We stick together for the most part but we get a lot of people from other areas who come to visit our businesses. Especially the convenience store and bar and grille. In the summer people come to use our lake and beach. The large majority know they are visitors and act accordingly. Sometimes you get assholes who act like they can behave however they choose.
One day last week, my friend down the road and I went to the bar and grille. It was right after my last TV appearance on Killer Affair. One such visiting gentleman who I have seen many times congratulated me on the appearance and told me how he'd bragged of our acquaintance to his daughter who loves true crime tv. He asked for a photo and I was happy to oblige.
We stepped onto the patio and he snapped a few photos. He asked for a selfie and just before he snapped the pic I turned to kiss his cheek. He guessed what I had in mind and quickly turned his head to kiss me full on the lips. Shady as that is, he took it a step further.
He'd surprised me. I tried to pull away but he had a firm grip on my waist. He held tight. Pressing his lips into my face. He kept trying to push his tongue into my mouth. His beer breath and Old Spice prevalent.
I was horrified. As a few customers approached the door I struggled harder and he let me loose with a sheepish grin. He turned and walked back in without another word.
I was so shook. I stood on the patio a few minutes alone.
I felt powerless. Ashamed. Embarrassed. Like a fool.
That's what you get for thinking youre a big shot, I told myself. I felt snookered. Fooled.

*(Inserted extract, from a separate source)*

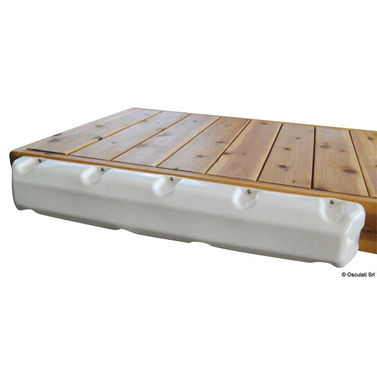 MEDIUM brygg- och pålfendert vit 96cm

I went back in to my friend and played it off like nothing happened. I laughed. I joked. I watched that man look happily at the photos he'd taken and I had a powerful urge to slap the phone out of his hand. To wrap my hands around his throat. To stab him, or shoot him, or beat him with my own fists.
But I did nothing. I went home and cried. I threw some shit around. I talked to my cousin about it. That is something you will never have to deal with as a man, I told him. And he agreed.
I guess my point is that I could have easily lost my shit on that old man. I felt it. There was a black, slimy ball of putrid hate in the pit of my stomach and had I had the chance at the right moment, I may have killed him.
It would have been my actions. And my will that took his life, but whose fault would it have been? When are we going to start acknowledging as a nation that enough inequality is going to spawn murder?